> **Work request**: What is needed here is an exact repetition of the records below, beginning at the line that has "Mini Cooper 2019" and stopping after the line that has "Chateau Serra Malibu".

> **Information**:
- - - - -
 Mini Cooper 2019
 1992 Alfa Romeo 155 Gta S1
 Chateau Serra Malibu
- - - - -
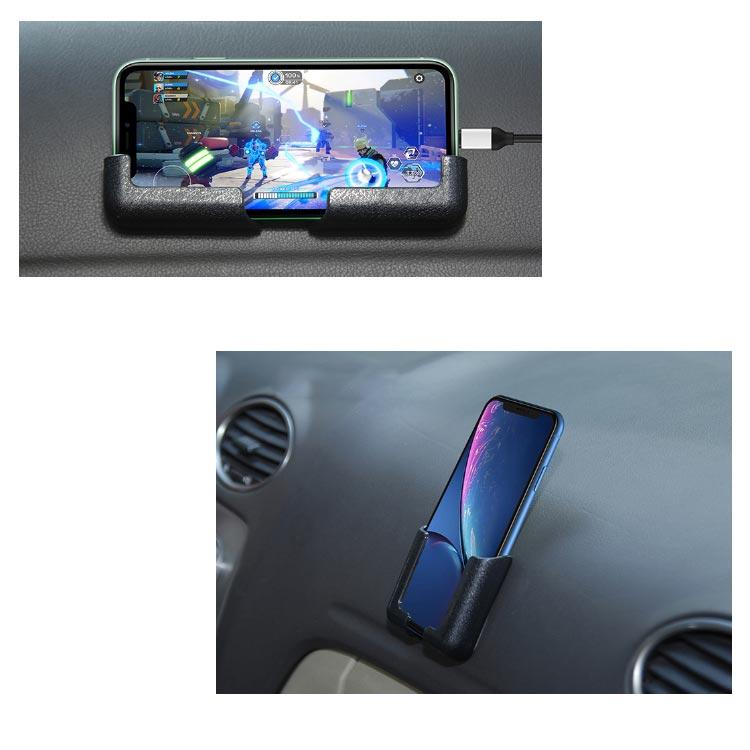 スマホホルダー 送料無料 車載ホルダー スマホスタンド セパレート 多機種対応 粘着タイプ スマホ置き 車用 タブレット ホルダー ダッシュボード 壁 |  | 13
- - - - -
> **Result below**:
 Mini Cooper 2019
 1992 Alfa Romeo 155 Gta S1
 Chateau Serra Malibu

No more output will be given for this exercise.